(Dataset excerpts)
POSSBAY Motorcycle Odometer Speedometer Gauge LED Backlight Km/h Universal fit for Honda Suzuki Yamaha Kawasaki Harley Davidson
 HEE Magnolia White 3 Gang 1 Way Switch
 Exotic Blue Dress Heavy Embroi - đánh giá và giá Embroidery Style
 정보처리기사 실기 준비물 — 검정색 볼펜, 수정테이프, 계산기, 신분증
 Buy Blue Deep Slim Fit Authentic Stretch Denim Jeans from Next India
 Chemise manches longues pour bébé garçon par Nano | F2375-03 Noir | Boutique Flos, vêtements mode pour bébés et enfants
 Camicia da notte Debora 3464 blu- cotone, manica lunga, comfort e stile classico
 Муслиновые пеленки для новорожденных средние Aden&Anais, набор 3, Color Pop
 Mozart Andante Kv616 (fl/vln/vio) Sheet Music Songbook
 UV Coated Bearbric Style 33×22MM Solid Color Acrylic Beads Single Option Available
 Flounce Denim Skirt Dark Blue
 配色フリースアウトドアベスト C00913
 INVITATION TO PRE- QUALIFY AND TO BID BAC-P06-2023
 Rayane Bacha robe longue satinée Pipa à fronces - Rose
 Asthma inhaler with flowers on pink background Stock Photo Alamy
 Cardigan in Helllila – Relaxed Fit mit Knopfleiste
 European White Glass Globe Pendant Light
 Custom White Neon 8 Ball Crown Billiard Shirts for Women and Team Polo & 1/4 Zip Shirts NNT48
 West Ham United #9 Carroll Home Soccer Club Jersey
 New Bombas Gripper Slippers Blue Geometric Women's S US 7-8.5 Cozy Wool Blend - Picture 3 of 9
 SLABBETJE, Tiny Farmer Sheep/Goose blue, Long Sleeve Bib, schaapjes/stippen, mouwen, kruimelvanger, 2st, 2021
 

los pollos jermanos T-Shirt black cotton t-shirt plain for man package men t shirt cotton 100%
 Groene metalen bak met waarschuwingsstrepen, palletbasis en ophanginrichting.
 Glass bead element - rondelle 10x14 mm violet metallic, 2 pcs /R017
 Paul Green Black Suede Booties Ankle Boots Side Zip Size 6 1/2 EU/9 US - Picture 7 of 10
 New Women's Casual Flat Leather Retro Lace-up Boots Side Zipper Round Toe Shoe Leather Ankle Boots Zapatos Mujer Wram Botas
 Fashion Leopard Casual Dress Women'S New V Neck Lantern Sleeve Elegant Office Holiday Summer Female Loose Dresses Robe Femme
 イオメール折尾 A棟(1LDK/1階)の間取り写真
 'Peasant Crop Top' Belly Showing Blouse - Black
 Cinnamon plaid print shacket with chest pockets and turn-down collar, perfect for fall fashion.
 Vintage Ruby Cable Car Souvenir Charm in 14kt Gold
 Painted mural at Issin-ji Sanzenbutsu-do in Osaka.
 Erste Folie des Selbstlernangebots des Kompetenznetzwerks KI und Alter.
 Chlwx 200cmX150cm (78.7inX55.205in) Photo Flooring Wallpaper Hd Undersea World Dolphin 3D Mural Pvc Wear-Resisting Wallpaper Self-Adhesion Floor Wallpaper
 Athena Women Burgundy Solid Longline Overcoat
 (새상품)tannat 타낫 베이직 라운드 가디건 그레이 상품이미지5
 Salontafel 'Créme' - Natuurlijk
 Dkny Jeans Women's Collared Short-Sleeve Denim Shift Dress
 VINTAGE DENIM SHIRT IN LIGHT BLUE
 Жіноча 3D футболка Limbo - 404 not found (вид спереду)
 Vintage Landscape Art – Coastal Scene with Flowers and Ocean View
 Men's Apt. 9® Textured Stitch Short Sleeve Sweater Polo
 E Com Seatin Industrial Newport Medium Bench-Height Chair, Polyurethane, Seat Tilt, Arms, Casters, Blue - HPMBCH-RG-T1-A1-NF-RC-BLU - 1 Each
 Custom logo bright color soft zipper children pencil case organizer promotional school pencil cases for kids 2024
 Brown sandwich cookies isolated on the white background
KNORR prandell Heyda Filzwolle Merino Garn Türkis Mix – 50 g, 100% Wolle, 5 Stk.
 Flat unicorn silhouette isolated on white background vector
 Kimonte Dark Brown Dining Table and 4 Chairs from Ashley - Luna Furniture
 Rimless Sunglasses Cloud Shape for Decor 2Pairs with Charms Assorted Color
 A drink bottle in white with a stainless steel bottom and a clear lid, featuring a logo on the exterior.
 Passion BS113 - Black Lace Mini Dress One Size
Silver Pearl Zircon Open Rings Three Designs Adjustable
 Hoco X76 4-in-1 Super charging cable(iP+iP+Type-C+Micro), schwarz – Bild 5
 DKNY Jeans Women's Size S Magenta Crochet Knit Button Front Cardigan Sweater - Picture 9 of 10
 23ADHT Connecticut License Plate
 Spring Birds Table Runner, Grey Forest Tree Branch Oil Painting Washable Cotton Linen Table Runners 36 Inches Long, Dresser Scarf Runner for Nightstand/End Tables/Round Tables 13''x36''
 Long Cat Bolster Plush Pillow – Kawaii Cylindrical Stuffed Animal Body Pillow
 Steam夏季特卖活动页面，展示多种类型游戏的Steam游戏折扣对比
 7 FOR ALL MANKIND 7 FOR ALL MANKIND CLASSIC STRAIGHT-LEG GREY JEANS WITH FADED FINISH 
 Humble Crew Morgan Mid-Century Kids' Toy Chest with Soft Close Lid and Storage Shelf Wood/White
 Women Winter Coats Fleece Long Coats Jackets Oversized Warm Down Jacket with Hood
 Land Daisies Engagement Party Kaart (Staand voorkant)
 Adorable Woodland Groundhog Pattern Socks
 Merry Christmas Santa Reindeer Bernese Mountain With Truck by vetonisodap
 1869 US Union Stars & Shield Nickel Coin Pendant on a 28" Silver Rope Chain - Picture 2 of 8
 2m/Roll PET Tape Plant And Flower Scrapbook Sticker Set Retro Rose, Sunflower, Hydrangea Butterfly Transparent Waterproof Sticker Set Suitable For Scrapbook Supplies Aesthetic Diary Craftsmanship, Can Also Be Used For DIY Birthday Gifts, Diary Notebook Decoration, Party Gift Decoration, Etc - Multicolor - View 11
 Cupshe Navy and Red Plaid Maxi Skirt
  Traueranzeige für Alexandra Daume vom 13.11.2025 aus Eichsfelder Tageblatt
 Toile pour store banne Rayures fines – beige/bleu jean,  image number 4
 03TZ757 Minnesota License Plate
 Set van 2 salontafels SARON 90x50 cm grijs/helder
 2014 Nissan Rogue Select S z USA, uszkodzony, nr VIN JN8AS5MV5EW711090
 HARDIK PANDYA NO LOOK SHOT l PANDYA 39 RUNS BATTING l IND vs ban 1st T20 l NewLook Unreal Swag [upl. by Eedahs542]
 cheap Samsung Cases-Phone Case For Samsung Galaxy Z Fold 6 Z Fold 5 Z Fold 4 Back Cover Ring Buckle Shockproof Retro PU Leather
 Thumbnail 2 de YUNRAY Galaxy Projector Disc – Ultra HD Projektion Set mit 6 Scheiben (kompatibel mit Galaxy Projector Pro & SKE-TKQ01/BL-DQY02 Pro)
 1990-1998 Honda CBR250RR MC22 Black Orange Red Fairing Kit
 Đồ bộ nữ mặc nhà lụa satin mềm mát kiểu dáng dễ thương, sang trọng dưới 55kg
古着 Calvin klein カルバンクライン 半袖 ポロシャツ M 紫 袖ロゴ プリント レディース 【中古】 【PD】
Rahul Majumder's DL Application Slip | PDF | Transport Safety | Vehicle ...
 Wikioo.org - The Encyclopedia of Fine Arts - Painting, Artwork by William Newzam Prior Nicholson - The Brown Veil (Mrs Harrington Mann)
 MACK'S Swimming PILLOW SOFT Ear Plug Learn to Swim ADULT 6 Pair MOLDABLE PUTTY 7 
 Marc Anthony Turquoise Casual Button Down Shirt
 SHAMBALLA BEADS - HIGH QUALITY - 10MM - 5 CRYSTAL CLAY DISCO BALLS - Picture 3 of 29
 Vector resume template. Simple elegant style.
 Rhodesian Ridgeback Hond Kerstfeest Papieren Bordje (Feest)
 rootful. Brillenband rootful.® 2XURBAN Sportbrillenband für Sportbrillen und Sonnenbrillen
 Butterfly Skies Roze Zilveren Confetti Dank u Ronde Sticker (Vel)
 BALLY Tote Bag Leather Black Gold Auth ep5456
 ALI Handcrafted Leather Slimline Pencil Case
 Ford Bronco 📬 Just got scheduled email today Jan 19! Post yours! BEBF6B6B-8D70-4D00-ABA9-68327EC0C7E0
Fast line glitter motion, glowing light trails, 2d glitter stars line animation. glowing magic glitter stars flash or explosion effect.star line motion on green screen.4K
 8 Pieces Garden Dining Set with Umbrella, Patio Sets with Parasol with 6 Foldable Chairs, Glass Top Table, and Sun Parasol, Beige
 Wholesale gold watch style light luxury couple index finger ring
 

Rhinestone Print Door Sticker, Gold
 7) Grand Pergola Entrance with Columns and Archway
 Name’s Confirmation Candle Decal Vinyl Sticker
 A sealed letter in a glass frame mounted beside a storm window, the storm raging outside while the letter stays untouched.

▶ _Goal of the exercise_: Your answer should be exactly the lines of the data above, from the first through the line containing "INVITATION TO PRE- QUALIFY".

▶ _Written solution_:
POSSBAY Motorcycle Odometer Speedometer Gauge LED Backlight Km/h Universal fit for Honda Suzuki Yamaha Kawasaki Harley Davidson
 HEE Magnolia White 3 Gang 1 Way Switch
 Exotic Blue Dress Heavy Embroi - đánh giá và giá Embroidery Style
 정보처리기사 실기 준비물 — 검정색 볼펜, 수정테이프, 계산기, 신분증
 Buy Blue Deep Slim Fit Authentic Stretch Denim Jeans from Next India
 Chemise manches longues pour bébé garçon par Nano | F2375-03 Noir | Boutique Flos, vêtements mode pour bébés et enfants
 Camicia da notte Debora 3464 blu- cotone, manica lunga, comfort e stile classico
 Муслиновые пеленки для новорожденных средние Aden&Anais, набор 3, Color Pop
 Mozart Andante Kv616 (fl/vln/vio) Sheet Music Songbook
 UV Coated Bearbric Style 33×22MM Solid Color Acrylic Beads Single Option Available
 Flounce Denim Skirt Dark Blue
 配色フリースアウトドアベスト C00913
 INVITATION TO PRE- QUALIFY AND TO BID BAC-P06-2023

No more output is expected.